## Try it
Check every line below for the string "Immunohistochemistry". Copy the ones that have it.

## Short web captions
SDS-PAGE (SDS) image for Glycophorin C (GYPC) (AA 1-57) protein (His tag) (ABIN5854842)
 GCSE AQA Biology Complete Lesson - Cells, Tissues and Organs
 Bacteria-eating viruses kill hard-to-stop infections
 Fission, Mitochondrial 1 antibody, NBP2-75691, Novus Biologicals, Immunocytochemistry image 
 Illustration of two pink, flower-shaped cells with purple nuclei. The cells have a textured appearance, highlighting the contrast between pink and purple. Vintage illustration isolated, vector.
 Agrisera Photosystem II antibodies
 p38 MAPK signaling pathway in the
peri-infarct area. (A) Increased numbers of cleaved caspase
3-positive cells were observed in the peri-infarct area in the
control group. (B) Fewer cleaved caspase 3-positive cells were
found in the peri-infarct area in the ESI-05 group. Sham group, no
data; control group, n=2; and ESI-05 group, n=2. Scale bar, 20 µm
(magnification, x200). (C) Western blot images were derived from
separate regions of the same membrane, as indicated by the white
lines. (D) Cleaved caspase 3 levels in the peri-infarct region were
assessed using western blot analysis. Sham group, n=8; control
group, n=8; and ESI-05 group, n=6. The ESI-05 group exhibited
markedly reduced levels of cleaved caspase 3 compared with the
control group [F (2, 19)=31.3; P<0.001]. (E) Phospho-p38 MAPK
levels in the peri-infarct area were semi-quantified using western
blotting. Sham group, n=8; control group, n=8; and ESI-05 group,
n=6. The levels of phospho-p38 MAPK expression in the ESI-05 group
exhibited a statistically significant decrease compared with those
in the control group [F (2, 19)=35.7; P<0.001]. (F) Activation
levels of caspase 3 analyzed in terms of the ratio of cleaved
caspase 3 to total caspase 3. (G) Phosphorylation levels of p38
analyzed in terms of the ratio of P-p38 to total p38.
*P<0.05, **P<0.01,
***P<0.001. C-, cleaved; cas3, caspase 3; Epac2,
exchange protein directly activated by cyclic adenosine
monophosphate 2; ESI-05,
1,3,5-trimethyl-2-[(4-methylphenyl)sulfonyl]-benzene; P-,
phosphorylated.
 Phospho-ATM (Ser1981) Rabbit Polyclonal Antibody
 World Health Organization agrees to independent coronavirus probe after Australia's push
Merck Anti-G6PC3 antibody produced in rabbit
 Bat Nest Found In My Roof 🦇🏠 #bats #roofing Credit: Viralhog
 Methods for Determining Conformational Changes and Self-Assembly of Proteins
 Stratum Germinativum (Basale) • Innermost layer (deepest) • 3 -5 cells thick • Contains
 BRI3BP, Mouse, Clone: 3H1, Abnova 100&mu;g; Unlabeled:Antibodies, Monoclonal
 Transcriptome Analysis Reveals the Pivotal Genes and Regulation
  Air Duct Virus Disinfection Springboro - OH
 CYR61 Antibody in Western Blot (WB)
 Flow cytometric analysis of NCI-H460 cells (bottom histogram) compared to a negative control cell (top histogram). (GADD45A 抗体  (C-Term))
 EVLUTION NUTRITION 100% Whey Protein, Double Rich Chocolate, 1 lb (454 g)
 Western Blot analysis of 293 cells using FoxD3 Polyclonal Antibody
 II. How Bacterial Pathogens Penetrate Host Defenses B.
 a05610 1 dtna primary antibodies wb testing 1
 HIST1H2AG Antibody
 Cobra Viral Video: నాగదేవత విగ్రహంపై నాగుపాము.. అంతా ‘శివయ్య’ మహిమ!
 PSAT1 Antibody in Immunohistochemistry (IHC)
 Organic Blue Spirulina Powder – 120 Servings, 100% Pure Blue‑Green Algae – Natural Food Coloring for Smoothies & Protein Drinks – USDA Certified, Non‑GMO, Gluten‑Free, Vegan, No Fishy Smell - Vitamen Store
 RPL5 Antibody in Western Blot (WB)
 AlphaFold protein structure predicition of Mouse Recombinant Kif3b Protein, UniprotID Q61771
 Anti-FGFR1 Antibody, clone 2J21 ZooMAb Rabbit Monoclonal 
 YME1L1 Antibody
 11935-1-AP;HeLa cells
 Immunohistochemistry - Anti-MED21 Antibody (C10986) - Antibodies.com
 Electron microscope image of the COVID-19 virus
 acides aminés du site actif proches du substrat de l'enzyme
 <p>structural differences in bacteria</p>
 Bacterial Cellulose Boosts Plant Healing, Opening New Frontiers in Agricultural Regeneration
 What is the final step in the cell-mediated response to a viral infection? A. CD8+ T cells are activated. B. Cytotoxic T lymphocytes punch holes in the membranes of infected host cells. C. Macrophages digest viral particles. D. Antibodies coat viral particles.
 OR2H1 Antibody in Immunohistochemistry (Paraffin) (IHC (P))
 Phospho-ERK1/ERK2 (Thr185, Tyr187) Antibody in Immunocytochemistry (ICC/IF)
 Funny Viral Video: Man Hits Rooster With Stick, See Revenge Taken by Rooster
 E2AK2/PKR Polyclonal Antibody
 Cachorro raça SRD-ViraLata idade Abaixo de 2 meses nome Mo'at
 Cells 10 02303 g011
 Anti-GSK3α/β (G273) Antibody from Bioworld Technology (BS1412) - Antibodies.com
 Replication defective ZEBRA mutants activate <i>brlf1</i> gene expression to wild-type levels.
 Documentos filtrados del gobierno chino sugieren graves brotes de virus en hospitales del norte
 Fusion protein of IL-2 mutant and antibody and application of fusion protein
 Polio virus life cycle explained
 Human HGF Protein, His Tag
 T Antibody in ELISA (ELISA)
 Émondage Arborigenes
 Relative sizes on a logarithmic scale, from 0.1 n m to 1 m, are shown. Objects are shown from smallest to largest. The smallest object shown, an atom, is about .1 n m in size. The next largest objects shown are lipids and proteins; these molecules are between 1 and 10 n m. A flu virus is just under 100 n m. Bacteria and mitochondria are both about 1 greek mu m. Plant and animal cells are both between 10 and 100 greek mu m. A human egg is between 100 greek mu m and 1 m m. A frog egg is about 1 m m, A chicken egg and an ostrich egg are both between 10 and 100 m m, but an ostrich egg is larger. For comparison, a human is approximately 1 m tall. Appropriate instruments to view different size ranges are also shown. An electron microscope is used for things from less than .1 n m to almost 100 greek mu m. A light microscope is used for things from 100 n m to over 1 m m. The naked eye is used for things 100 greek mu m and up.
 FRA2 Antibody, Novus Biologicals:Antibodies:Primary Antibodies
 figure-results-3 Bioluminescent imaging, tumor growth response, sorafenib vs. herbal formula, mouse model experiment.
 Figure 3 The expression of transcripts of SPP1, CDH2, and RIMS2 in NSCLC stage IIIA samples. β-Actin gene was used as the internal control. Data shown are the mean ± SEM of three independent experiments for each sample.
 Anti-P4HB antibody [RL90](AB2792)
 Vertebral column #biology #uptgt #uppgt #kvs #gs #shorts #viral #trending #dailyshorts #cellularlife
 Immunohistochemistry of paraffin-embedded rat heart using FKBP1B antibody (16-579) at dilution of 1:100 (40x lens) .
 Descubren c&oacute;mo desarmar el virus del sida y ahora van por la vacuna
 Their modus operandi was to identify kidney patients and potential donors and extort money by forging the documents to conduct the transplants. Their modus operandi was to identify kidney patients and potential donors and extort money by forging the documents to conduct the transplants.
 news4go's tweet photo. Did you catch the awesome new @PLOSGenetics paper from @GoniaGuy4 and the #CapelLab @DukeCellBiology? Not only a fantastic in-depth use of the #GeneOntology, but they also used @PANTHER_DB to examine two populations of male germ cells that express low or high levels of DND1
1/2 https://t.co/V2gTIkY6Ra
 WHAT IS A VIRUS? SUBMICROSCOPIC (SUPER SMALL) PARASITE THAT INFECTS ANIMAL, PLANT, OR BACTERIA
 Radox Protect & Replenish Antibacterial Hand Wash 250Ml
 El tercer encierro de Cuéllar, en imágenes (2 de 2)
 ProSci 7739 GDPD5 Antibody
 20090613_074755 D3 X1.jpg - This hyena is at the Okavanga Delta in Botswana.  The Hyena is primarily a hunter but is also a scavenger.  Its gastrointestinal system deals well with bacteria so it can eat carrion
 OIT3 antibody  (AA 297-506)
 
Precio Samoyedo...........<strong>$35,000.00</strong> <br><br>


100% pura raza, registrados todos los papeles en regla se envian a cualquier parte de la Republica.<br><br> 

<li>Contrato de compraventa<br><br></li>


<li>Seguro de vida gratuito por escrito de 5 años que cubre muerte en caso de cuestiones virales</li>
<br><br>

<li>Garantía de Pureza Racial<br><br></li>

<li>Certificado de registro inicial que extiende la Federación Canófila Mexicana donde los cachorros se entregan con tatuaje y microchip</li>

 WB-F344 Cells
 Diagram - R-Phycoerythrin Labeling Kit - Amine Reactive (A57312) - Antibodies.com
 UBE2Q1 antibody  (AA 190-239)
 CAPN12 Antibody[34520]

## Solution to the problem
 PSAT1 Antibody in Immunohistochemistry (IHC)
 Immunohistochemistry - Anti-MED21 Antibody (C10986) - Antibodies.com
 OR2H1 Antibody in Immunohistochemistry (Paraffin) (IHC (P))
 Immunohistochemistry of paraffin-embedded rat heart using FKBP1B antibody (16-579) at dilution of 1:100 (40x lens) .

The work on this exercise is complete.